Spectral analysis devices require high optical stability in the sense of a continuous, line-free spectrum in the desired wavelength range. Deuterium lamps are preferred radiation sources for UV spectroscopy, because they emit very intense UV radiation in a range of 180 nm to approximately 400 nm. To cover a broader spectrum, a second lamp—usually a halogen lamp—having a spectrum stretching into the visible range is connected to the deuterium lamp. The spectrum of such a composite lamp module lies in the wavelength range between 180 nm and 1100 nm.
One problem in the use of deuterium lamps is the formation of ozone due to the radiation components of the deuterium plasma below 190 nm. This problem can be solved by selecting a special borosilicate glass, a so-called “UV glass,” which absorbs radiation having a wavelength less than 190 nm for the lamp bulb of the deuterium lamp. The UV glass, however, does not have a steep absorption profile, but instead flattens out toward the long-wave range. Therefore, a portion of the working radiation between 190 nm and 280 nm is still absorbed in lamp bulbs and is therefore not available for spectral analysis purposes.
Another variant of deuterium lamps uses a lamp bulb made of synthetic quartz glass, which is covered completely or partially with a layer acting as an interference or absorption filter for wavelengths below 190 nm. This lamp type is defined as “ozone-free,” because radiation of a wavelength that generates ozone is not emitted from the lamp bulb. However, the direct application of the ozone-suppressing filter layer on the lamp bulb is complicated and offers little clearance room with respect to the further construction of the lamp module.
Deuterium lamps without ozone filters are also on the market in which, for operation in the short-wave spectral range, ozone produced is forcibly removed to the outside or a so-called ozone absorber blocks the ozone before it is discharged into the environment.
From German published patent application DE 39 02 144 A1 a deuterium lamp having a quartz glass bulb is known. The part of the lamp bulb through which the generated radiation is transmitted is covered on its outer side with an ozone-suppressing filter. This involves an interference filter having a layered configuration, wherein the individual layers are applied by vapor deposition in high-vacuum systems.
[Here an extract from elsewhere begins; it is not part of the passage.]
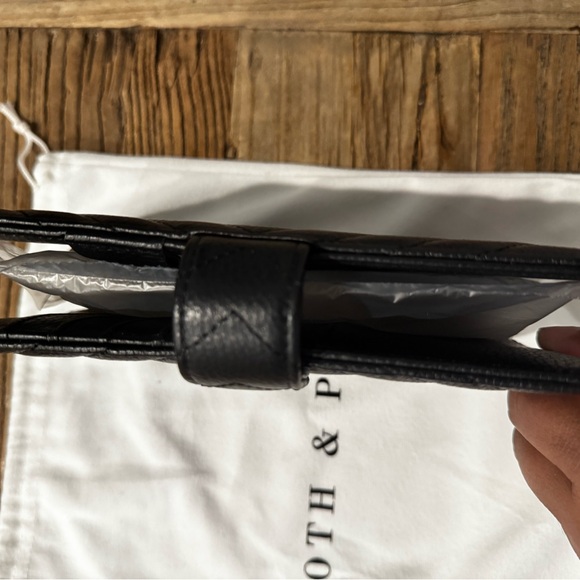 Cloth and paper Black Quilted Leather personal size planner - Picture 4 of 8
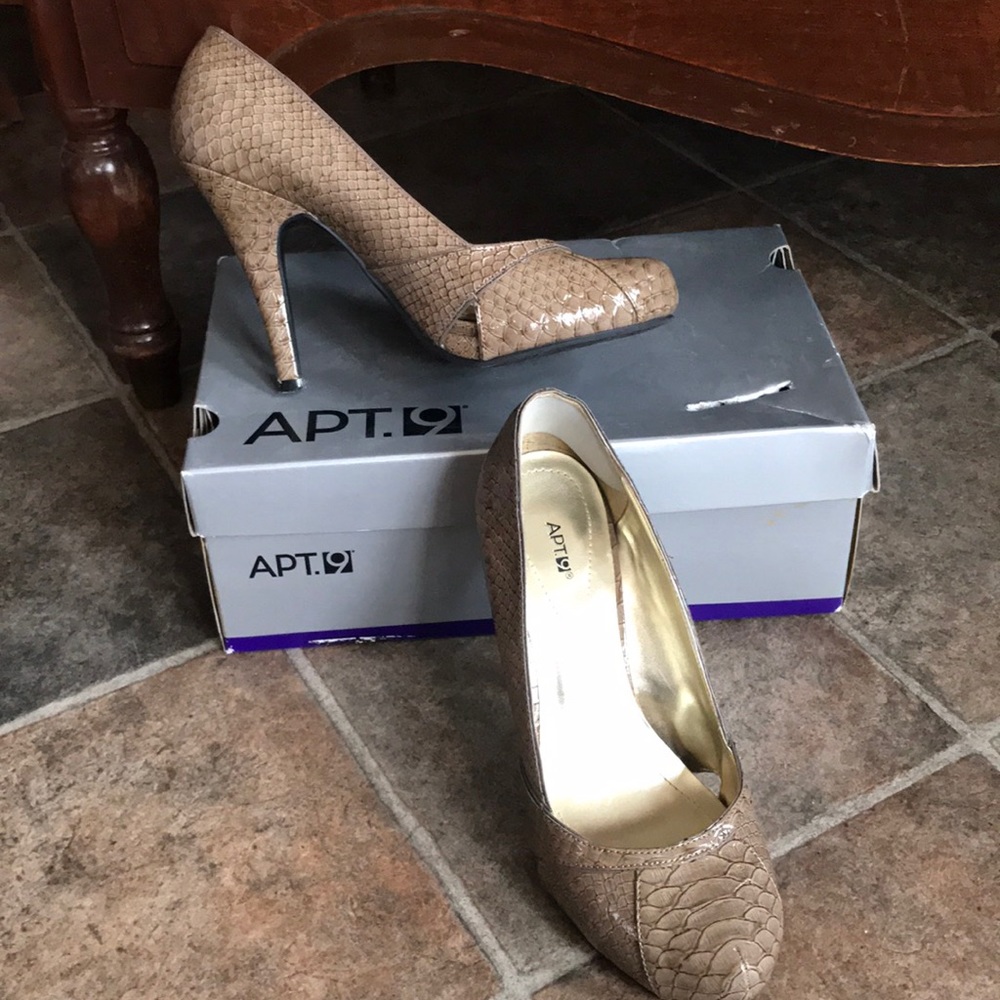 Apt. 9 tan pumps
These deposition methods using thin-film technology are expensive and not of unlimited suitability, especially for the production of homogeneous layer structures on curved surfaces. In addition, the thermal loading of these filter layers directly on the surface of the lamp bulb is very high during operation, so that the filter can be damaged already during production and especially during long periods of use of these lamps.
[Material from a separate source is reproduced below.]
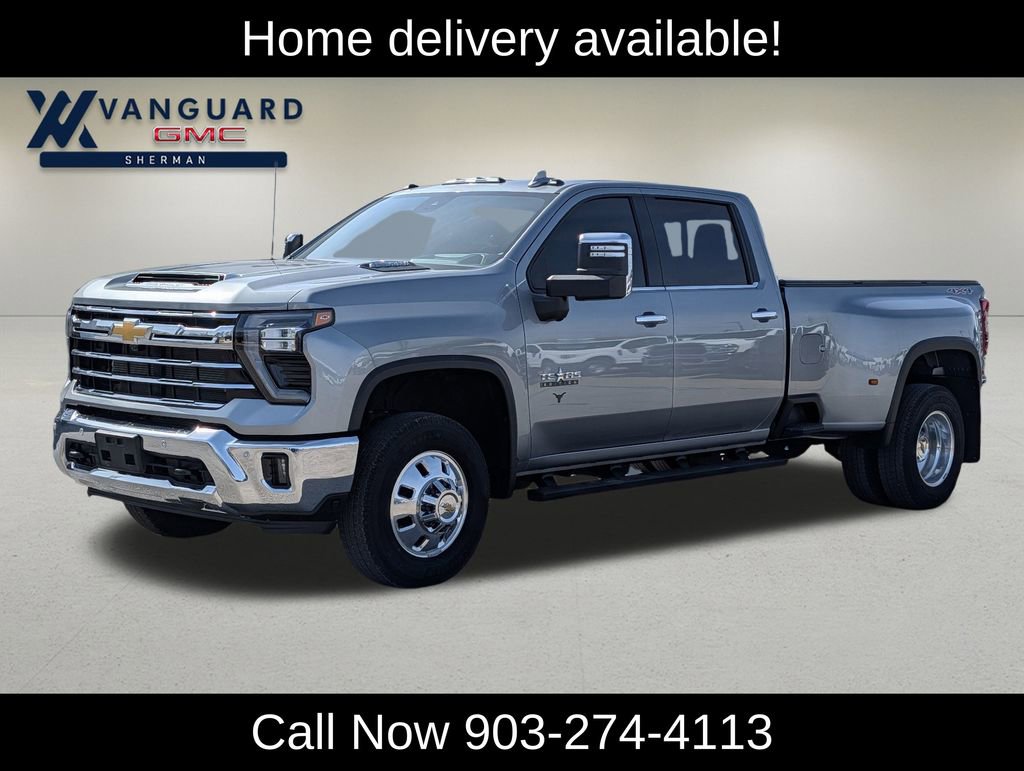 Used 2025 Chevrolet Silverado 3500 LTZ image 4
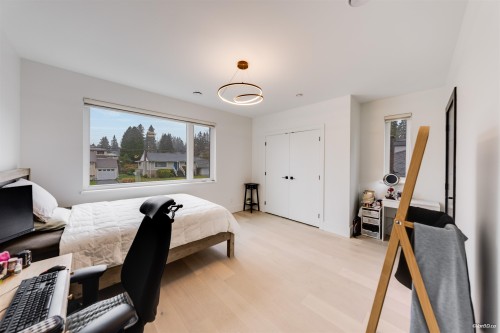 710 Ivy Avenue, Coquitlam, BC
Furthermore, from European patent application publication EP 1 186 828 A1 a deuterium lamp without an ozone filter is known. The lamp bulb is housed in a lamp receptacle body made of aluminum, which is forced air-cooled with an air flow from the rear side by a cooling ventilator. The lamp receptacle body around the lamp bulb is completely closed up to a small opening fitted with a condenser lens for the beam outlet. At the beam outlet window of the lamp housing there is a connecting piece, which leads the radiation outward. The air flow of the ventilator essentially cools or tempers the lamp receptacle body, but does not reach the short-wave radiation in the tubular beam outlet opening, so that no ozone can be generated there and also directly on the lamp bulb. However, because the spectrum of this lamp emitted outward from the beam outlet opening also comprises wavelengths less than 180 nm, ozone formation outside of the lamp module is not prevented.
A similar lamp design is also known from European patent application publication EP 1 201 984 A1. Here, however, in addition to the deuterium lamp, a halogen lamp is also provided, in order to have available a broadened wavelength spectrum for the spectral analysis. Such systems are also called UV-VIS modules, because the spectrum extends into the visible range (VIS=visible).
The deuterium lamp and halogen lamp are arranged one after the other on a common optical axis. The lamp receptacle body of the lamp bulb of the deuterium lamp has in the optical axis a beam inlet opening for the radiation of the halogen lamp arranged behind the deuterium lamp and a common beam outlet opening. Both lamp bulbs could also be housed in the same lamp receptacle body. The cooling by ventilator is here also arranged on the rear side of the lamp housing and does not act on the radiation emitted from the beam outlet opening. Because no ozone filter is provided—also in the lamp according to EP 1 186 828 A1—only the ozone formation within the lamp is suppressed, but not outside of the lamp.